Three-Year Korea Tours Good for Servicemembers, Alliance, Commander Says
By Jim Garamone
American Forces Press Service
WASHINGTON, March 23, 2009 Being assigned to Korea will soon be the same as being assigned to Japan or Europe, under a new policy that came into force in December, the commander of U.S. forces on the peninsula said.
“Tour normalization in Korea was long overdue,” said Army Gen. Walter Sharp, the commander of U.S. Forces Korea.
In December, the Defense Department changed the assignment policy in Korea. In the past, almost all assignments to South Korea were unaccompanied and for one year. A few assignments were accompanied and for two-year tours.
The policy change increased accompanied tour lengths from two to three years. In the years to come, more and more servicemembers will be accompanied. The change also allows accompanied two-year tours to Uijongbu and Dongducheon, where they previously were not allowed.
Most unaccompanied tours will continue to be for one year. The change authorizes servicemembers to come to Korea for three-year accompanied tours at Pyeongtaek, Osan, Daegu, Chinhae and Seoul, Sharp said.
There have been a limited number of command-sponsored tours in the Republic of Korea for years.
“We have about 2,100 command-sponsored families in Korea right now,” the general said. “Our goal is about 4,300 by this time next year.”

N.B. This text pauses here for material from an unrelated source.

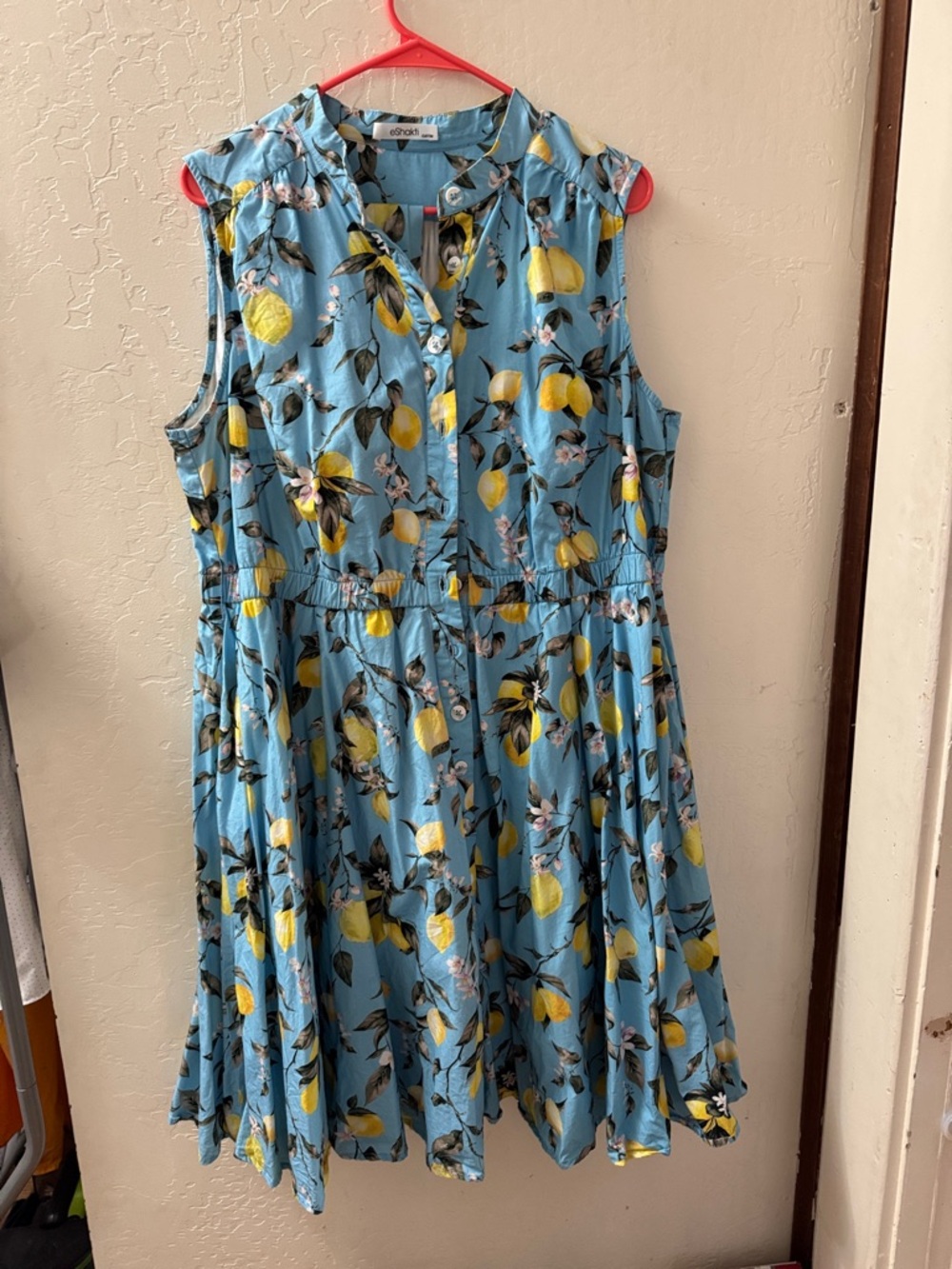eshakti Blue Lemon-Print Sleeveless Casual Dress
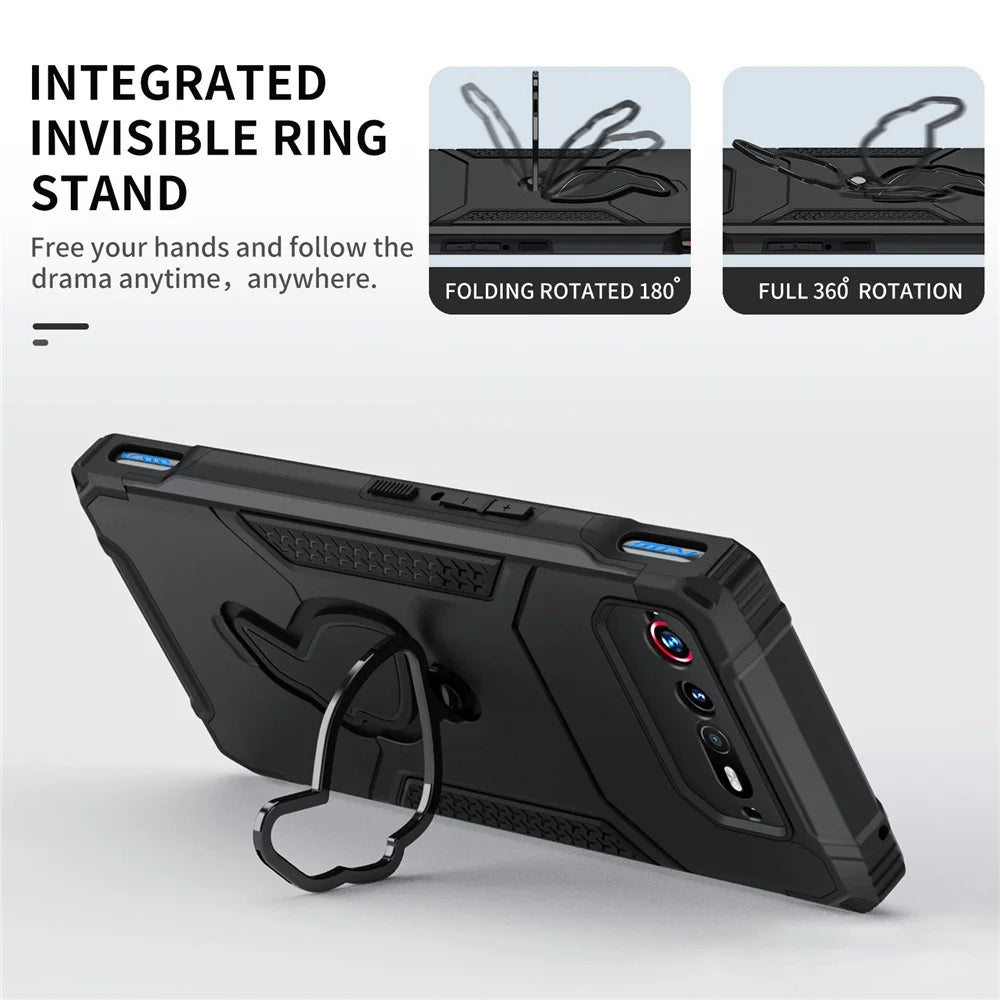 For Asus ROG Phone 6 5G / ROG Phone 7 5G PC+TPU Phone Case Anti-Slip Kickstand Phone Cover - Black - 5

The mid-range goal is to have between 5,500 and 6,000 command-sponsored families in Korea by 2015. This increase depends on the progress of building Camp Humphreys in Pyeongtaek. Sharp said that roughly half of the 28,500 servicemembers deployed to Korea are married, and he hopes that in the future about 14,000 servicemembers will bring their families to the country.
There is a demand for this. Many soldiers, sailors, airmen and Marines bring their families over without command sponsorship. They pay the money out of their own pockets rather than be separated, U.S. Forces Korea said.
Infrastructure is the limiting factor right now, Sharp pointed out.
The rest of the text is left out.